Cambodian court convicts 21 opposition figures of treason
PHNOM PENH, Cambodia (AP) — A court in Cambodia on Thursday convicted 21 people of treason and related charges for their nonviolent political opposition to the government several years ago.
Those convicted by the Phnom Penh Municipal Court included seven exiled leaders of the disbanded Cambodia National Rescue Party, each of whom received 10-year prison terms.
They included party co-founder Sam Rainsy who has been in exile since 2016 to avoid serving prison sentences for defamation and other charges. He says the cases against him are politically motivated.
Sam Rainsy has long been the harshest critic and most popular opponent of Prime Minister Hun Sen, who has held power for 37 years. The treason case involved his attempted return to Cambodia in 2019 that was blocked by the government.
The other party leaders convicted were Sam Rainsy’s wife Tioulong Saumura and five former lawmakers.
Another 13 defendants who were convicted were ordinary party supporters, each sentenced to five years imprisonment, reduced by the court to three years and eight months. One more man, not present at the trial, had his sentence suspended for health reason because he had suffered a stroke two years ago.
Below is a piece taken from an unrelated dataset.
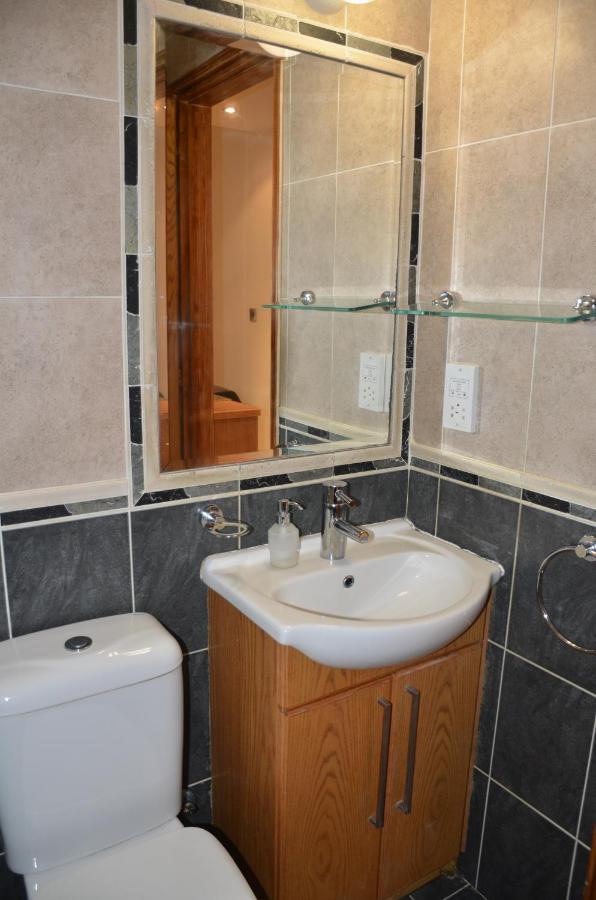 2 Bedroom Apartment, Zygos Centre Block D - By Imh Travel & Tours Paphos ภายนอก รูปภาพ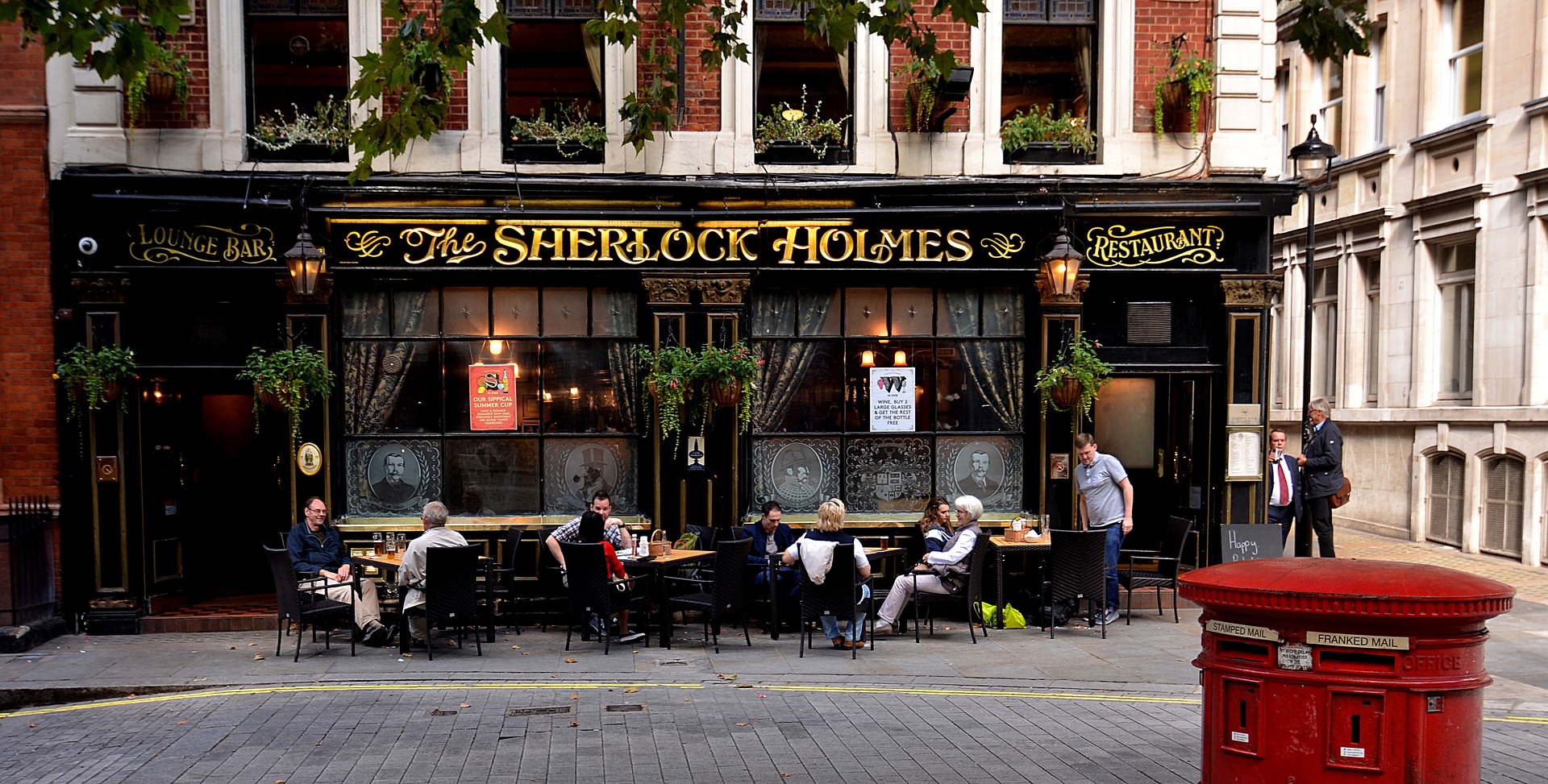 Top 10: Coolest Restaurants in London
“Upon the announcement of the verdict, these 13 people shouted together at the judge that they were innocent and they cannot accept this unjust verdict,” defense lawyer Sam Sokong said. He said they told him to appeal the verdict.
Relatives and other supporters of the defendants tussled outside the court with police, with several women falling to the ground as a banner was grabbed away from them.
“The mass trial and convictions of political opponents on baseless charges is a witch hunt that discredits both the Cambodian government and the country’s courts,” Phil Robertson, deputy Asia director for Human Rights Watch said in an emailed statement.
All the defendants have been charged with conspiracy to commit treason and incitement to commit a felony, mostly in connection with organizing Sam Rainsy’s abortive 2019 trip home. The party leader were also convicted of inciting members of the armed forces not to follow their orders.
The CNRP, as the sole credible opposition party, had been expected to present a strong challenge to Hun Sen’s ruling Cambodian People’s Party in the 2018 general election.
Hun Sen launched a sweeping crackdown on his opponents before the election, the high court disbanded the CNRP and its lawmakers were removed from Parliament. Hun Sen’s party subsequently won every seat in the National Assembly.
Several Western nations imposed sanctions on Cambodia’s government after concluding the 2018 election was neither free nor fair. The harshest measure came from the European Union, which withdrew some preferential trading privileges.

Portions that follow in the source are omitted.